Kilbride trying to act Republican in order to win, party says

John O'Brien Oct. 31, 2010, 12:58pm


CHICAGO - Illinois' Republican Party says state Supreme Court Justice Thomas Kilbride wants to trick voters into thinking he's a member of the GOP.

State GOP Chairman Paty Brady said Saturday that Kilbride is trying to portray himself as a Republican in his campaign literature. On Tuesday Kilbride faces a retention election in which he must earn 60 percent of the vote.

"This guy's masquerading as one of us, when he's being funded by Democrats," Brady said.

Kilbride has raised nearly $2.5 million for his campaign, with $1,475,000 coming from the state Democratic Party.

The Illinois Civil Justice League has led an effort to oust Kilbride. ICJL's political action committee, which has attacked Kilbride's record on jobs, crime and his vote to overturn the state's medical malpractice law, has raised more than $670,000, mainly from business interests.

The U.S. Chamber of Commerce, which owns this publication, contributed $150,000 to the anti-retention campaign.

The Illinois GOP noted that Kilbride's latest campaign piece has an elephant, the GOP logo, and the words "Election Alert for Republicans." The GOP says he uses the word "we" multiple times in an effort to suggest he is a Republican.

"The elephant on Kilbride's campaign mailer means only one thing: He doesn't think he can be retained unless he tricks people into thinking he's a Republican," Brady said.

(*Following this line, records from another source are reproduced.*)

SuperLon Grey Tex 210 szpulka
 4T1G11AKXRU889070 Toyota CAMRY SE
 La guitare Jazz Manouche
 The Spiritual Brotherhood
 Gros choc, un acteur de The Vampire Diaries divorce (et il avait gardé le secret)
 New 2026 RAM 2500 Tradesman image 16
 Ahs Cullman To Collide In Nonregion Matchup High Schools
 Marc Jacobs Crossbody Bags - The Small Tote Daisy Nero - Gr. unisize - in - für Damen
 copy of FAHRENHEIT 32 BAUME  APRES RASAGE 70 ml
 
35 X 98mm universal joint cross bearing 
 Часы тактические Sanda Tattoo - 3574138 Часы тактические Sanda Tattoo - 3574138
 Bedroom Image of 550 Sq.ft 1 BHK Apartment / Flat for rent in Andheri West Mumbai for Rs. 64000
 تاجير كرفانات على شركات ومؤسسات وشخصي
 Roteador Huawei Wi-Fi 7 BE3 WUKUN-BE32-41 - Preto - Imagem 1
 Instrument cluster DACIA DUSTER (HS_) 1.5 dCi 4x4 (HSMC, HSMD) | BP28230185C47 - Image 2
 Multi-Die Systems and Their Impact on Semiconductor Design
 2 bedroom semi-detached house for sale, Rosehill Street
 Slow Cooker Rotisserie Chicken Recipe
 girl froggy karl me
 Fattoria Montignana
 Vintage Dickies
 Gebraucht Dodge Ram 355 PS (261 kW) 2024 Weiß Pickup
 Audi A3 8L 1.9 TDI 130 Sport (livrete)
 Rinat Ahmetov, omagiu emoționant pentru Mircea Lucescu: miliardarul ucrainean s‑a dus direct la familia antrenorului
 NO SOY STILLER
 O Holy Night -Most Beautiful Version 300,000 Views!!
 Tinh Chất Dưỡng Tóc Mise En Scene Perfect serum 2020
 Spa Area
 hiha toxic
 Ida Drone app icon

Well, he's not. Voters should not be fooled."

The Brennan Center for Justice at New York University School of Law and the Justice at Stake Campaign, has called the total spending "extraordinary" for a retention election, where only incumbents appear on the ballot and voters decide whether to grant another term.

Kilbride, one of four justices who voted in February to overturn the state's medical malpractice law, is the only one among those jurists facing voters who may hold him to account for that decision.

After the 4-2 court decision, which knocked down a 2005 state law that capped non-economic "pain and suffering" damages against hospitals and doctors, trial lawyers cheered. But the decision also made Kilbride a prime election target for the medical and business communities.